Cilla Pershouse and her muster pup, Ash. Cilla's toddlers have struggled with the pronunciation of the puppy's name.

“I don’t want another Lucifer.”

That was the heartfelt prayer Lily Davies-Etheridge sent out to the puppy gods as she awaited the arrival of her fledgling working dog in the first episode of the new season of Muster Dogs.

Remember Lucifer? He was the problem child in season one of the ABC TV series.

Unable to work sheep properly for his trainer, the unruly kelpie was surrendered to series winner, Frank Finger, who has since turned Lucifer into a capable cattle dog.

But back to season two, which premiered on Sunday night.

All five of the new trainers are hoping for a pup they can train to be the champion muster dog. And this time their pups are border collies, not kelpies.

Interestingly, the trainers’ existing working dog packs are dominated by kelpies (one has exclusively huntaways) and all felt some trepidation about tackling their black and white pups.

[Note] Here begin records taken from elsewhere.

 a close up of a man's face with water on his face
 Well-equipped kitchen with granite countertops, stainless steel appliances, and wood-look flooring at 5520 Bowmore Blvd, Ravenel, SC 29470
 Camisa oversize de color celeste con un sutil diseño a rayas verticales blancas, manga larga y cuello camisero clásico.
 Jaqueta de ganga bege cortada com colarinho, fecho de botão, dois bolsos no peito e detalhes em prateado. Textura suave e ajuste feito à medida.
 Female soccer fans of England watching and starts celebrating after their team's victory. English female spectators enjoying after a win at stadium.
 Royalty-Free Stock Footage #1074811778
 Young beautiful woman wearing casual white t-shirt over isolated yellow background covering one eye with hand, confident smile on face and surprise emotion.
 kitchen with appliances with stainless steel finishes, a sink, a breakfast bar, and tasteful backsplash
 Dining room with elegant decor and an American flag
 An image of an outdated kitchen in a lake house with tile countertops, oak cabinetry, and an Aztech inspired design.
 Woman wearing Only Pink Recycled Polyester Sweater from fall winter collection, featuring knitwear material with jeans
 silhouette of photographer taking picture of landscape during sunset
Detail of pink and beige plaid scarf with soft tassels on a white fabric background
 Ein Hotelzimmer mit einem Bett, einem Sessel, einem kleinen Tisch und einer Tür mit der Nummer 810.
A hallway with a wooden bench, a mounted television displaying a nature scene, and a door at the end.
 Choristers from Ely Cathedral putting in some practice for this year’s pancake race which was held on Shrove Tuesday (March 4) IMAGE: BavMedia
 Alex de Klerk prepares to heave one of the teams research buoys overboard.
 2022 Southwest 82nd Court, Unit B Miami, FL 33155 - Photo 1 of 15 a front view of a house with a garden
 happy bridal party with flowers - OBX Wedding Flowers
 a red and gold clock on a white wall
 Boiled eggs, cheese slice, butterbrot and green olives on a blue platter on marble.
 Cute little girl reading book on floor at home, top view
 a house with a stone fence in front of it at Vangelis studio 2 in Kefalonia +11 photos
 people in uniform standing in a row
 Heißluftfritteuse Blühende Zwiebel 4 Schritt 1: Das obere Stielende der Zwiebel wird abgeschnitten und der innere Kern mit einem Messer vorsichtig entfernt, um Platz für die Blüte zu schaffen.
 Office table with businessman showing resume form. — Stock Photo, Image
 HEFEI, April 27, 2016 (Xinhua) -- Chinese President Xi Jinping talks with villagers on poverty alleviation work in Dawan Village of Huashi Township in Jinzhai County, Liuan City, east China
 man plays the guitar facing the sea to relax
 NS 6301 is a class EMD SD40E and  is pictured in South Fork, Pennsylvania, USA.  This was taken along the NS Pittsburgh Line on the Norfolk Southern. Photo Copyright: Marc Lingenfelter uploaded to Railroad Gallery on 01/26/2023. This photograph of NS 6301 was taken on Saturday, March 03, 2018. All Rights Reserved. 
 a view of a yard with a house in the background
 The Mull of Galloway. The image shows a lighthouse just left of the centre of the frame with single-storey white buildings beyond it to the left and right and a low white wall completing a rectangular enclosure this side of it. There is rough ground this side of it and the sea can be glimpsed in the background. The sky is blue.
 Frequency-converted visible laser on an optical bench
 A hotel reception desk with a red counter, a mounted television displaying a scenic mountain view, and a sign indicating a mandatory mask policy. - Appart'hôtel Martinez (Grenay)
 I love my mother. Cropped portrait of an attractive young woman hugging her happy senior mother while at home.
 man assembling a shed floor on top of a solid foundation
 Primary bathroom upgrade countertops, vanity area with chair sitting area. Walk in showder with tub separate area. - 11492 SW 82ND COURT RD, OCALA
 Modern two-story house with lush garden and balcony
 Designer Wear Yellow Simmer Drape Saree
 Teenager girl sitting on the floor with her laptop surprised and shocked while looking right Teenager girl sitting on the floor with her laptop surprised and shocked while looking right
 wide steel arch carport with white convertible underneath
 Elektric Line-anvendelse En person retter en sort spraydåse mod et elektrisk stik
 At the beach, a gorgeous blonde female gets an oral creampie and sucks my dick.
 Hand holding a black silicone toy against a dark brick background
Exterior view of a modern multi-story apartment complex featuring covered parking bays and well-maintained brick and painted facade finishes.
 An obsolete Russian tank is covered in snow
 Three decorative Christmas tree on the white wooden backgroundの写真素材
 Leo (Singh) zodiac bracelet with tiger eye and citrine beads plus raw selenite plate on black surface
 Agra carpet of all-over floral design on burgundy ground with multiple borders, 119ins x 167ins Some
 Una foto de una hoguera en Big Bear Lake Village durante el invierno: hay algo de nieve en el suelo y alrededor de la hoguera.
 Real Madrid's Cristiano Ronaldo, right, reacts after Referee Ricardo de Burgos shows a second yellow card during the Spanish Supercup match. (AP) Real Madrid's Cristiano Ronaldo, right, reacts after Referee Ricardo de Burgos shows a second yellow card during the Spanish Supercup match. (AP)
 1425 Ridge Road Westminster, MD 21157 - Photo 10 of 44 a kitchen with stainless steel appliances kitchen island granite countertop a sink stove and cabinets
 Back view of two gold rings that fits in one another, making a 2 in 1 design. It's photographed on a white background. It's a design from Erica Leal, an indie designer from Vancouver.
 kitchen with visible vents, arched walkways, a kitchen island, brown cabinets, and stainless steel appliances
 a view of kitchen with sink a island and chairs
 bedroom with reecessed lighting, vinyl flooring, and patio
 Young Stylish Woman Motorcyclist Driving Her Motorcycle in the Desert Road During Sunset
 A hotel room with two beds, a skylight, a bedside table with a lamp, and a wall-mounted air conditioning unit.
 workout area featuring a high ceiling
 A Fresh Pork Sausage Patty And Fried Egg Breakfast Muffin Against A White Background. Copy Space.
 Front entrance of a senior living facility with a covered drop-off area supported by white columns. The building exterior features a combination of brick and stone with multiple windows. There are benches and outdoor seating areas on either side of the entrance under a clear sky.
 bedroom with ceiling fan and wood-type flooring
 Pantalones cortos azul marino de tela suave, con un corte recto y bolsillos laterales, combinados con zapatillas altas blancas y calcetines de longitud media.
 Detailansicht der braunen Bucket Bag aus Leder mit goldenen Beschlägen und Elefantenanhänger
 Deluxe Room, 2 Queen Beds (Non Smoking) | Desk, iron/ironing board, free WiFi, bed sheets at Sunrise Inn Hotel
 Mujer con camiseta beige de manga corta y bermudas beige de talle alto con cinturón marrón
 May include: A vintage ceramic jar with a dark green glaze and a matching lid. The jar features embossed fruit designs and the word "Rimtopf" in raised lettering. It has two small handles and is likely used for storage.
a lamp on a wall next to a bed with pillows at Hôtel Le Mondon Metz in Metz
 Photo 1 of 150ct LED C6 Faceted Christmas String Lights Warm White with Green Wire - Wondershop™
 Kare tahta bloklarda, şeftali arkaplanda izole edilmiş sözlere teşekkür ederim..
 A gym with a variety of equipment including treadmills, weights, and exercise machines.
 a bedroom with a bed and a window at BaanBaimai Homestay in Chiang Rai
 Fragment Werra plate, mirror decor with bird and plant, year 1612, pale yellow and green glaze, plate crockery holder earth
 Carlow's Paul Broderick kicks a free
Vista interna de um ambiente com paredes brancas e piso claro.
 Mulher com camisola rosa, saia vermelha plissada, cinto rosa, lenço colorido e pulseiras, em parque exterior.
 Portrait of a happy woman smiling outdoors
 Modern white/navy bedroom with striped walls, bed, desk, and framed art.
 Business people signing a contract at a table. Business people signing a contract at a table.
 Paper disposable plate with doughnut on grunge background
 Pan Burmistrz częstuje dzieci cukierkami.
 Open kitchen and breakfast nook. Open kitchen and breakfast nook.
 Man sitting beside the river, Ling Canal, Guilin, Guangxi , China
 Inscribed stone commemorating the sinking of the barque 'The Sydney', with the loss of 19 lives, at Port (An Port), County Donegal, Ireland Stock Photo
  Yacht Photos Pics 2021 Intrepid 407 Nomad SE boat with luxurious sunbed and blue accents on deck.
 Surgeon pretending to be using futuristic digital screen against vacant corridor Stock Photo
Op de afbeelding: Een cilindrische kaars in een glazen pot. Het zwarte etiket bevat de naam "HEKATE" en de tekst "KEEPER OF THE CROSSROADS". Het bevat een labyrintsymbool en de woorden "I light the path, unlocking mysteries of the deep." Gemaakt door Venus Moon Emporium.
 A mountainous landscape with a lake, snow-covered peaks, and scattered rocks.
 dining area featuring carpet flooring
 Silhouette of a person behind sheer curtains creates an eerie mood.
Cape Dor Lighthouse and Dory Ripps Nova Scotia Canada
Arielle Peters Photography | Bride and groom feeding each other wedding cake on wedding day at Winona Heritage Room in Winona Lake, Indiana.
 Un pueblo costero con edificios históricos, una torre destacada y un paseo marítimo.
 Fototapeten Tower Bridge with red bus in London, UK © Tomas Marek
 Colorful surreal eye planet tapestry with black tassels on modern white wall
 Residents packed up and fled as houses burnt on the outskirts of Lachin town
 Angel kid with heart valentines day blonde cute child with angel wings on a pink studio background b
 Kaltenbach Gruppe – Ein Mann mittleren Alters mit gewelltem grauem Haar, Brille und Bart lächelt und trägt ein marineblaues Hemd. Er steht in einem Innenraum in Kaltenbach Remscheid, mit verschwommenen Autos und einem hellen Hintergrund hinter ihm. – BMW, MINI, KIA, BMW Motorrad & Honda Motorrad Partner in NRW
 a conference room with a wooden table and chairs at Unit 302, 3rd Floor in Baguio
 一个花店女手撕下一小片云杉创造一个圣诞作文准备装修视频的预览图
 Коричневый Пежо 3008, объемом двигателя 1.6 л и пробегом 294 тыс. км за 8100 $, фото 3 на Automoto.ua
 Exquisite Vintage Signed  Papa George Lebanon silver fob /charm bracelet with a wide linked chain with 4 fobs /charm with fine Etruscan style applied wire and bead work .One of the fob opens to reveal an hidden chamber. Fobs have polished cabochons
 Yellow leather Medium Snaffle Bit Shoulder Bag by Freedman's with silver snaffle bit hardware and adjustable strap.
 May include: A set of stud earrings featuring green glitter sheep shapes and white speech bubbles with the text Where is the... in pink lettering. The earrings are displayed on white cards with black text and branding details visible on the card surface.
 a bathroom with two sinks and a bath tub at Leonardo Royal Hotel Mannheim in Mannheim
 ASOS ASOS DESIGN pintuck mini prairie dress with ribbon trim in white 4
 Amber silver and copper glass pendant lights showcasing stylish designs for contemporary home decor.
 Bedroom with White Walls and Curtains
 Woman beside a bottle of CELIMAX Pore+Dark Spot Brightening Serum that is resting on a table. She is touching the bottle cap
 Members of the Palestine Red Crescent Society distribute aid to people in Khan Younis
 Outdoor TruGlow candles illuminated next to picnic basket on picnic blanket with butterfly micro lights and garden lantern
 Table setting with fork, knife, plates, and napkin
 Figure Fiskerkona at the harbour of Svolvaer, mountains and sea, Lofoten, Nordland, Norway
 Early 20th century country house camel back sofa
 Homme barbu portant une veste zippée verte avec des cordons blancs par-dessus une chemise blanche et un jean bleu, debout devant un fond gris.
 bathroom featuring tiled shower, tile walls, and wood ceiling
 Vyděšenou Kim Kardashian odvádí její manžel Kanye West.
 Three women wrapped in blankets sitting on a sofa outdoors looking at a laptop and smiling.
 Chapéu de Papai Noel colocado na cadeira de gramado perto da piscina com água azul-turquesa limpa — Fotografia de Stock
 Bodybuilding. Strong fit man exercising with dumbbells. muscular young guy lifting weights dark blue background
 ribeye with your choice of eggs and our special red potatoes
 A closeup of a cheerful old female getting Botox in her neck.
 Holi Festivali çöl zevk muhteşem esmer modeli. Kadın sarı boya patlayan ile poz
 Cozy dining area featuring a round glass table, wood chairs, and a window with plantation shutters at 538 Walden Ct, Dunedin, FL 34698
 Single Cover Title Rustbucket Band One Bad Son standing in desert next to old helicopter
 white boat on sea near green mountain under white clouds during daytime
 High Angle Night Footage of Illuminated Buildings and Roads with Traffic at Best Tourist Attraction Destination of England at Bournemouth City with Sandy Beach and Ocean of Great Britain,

And training expert Neil McDonald agrees they’ll have their work cut out for them to train these dogs in just 12 months — several times during the show we were reminded it usually takes three years to fully train a border collie as a competent working dog.

“These trainers have rough diamond pups they’ll have to chip away at to get them to sparkle,” Neil said.

The key milestones for this season are set at five, seven, 10 and 12 months. Can this litter of pups be trained in 12 months to be quality working dogs and what will we learn about their natural instincts along the way?

If instinct has anything to do with, then the five pups are all winners.

These pups were bred by dog trialling champion and dog educator, Mick Hudson, and their bloodlines come from more than 100 years of Australian dog trial champions.

So he has high hopes as he chooses five puppies from a litter of 10 to go to the excited new trainers.

The first episode is dominated by the puppies’ birth (to mum Debbie and dad Snip) and early development at Mick’s property near Dubbo, and then the first meeting between trainers and the three-month-old pups.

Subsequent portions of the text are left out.